▶ **Records from a data source**
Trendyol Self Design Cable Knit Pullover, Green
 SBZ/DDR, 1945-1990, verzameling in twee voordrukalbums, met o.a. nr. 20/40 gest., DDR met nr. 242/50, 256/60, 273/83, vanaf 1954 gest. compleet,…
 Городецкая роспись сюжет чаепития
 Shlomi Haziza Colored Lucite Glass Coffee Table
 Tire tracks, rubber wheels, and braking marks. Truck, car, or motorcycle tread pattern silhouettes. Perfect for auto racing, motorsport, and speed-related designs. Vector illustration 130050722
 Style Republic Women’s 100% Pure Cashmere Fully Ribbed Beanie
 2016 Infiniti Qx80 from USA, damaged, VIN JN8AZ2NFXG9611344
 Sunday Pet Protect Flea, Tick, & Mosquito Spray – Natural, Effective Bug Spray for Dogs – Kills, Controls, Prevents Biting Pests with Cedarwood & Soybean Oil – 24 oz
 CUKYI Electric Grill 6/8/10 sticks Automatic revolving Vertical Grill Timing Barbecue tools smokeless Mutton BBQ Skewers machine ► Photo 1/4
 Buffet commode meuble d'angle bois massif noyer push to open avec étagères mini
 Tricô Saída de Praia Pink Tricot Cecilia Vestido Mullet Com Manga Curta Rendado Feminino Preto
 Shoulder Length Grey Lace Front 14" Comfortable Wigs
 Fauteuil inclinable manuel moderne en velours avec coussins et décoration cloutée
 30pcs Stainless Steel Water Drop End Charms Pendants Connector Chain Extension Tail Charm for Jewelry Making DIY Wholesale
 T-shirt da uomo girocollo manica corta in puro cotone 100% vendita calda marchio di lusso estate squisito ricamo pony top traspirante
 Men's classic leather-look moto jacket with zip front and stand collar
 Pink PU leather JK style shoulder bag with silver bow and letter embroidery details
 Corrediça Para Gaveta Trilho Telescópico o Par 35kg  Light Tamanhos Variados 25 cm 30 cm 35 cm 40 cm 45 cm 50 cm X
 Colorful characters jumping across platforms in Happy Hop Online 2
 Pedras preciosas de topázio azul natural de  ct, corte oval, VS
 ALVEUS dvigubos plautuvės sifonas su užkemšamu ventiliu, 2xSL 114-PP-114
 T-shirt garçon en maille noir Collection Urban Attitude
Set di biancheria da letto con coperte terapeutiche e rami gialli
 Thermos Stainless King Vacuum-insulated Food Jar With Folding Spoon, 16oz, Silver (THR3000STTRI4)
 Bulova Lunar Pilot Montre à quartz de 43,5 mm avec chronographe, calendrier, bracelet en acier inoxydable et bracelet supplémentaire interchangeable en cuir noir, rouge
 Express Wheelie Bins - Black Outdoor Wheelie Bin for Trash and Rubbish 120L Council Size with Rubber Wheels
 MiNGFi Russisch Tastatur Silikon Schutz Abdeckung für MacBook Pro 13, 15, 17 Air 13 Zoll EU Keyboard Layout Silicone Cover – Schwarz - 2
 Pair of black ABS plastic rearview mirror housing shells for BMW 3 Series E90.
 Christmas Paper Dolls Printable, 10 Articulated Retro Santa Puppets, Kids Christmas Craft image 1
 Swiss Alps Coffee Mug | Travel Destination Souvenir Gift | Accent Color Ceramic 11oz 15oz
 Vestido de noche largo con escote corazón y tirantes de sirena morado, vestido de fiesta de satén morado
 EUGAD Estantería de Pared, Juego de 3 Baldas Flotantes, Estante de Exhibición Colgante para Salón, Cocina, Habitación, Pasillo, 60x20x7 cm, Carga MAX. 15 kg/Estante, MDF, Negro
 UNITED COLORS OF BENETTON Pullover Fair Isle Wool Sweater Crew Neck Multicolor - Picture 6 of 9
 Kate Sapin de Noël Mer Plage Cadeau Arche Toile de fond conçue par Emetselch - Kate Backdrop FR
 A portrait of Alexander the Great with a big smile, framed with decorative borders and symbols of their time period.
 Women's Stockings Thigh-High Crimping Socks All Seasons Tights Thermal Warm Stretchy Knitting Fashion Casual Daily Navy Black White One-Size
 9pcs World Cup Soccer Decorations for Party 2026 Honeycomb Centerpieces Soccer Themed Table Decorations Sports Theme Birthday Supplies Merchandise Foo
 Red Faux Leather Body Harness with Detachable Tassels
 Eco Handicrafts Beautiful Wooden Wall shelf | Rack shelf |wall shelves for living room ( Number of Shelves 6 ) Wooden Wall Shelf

▶ **ABOUT THIS TASK**
The answer is the lines above between the line holding "Fauteuil inclinable manuel" and the line holding "ALVEUS dvigubos plautuvės", inclusive, each written out exactly, and no others.

▶ **YOUR RESPONSE**
 Fauteuil inclinable manuel moderne en velours avec coussins et décoration cloutée
 30pcs Stainless Steel Water Drop End Charms Pendants Connector Chain Extension Tail Charm for Jewelry Making DIY Wholesale
 T-shirt da uomo girocollo manica corta in puro cotone 100% vendita calda marchio di lusso estate squisito ricamo pony top traspirante
 Men's classic leather-look moto jacket with zip front and stand collar
 Pink PU leather JK style shoulder bag with silver bow and letter embroidery details
 Corrediça Para Gaveta Trilho Telescópico o Par 35kg  Light Tamanhos Variados 25 cm 30 cm 35 cm 40 cm 45 cm 50 cm X
 Colorful characters jumping across platforms in Happy Hop Online 2
 Pedras preciosas de topázio azul natural de  ct, corte oval, VS
 ALVEUS dvigubos plautuvės sifonas su užkemšamu ventiliu, 2xSL 114-PP-114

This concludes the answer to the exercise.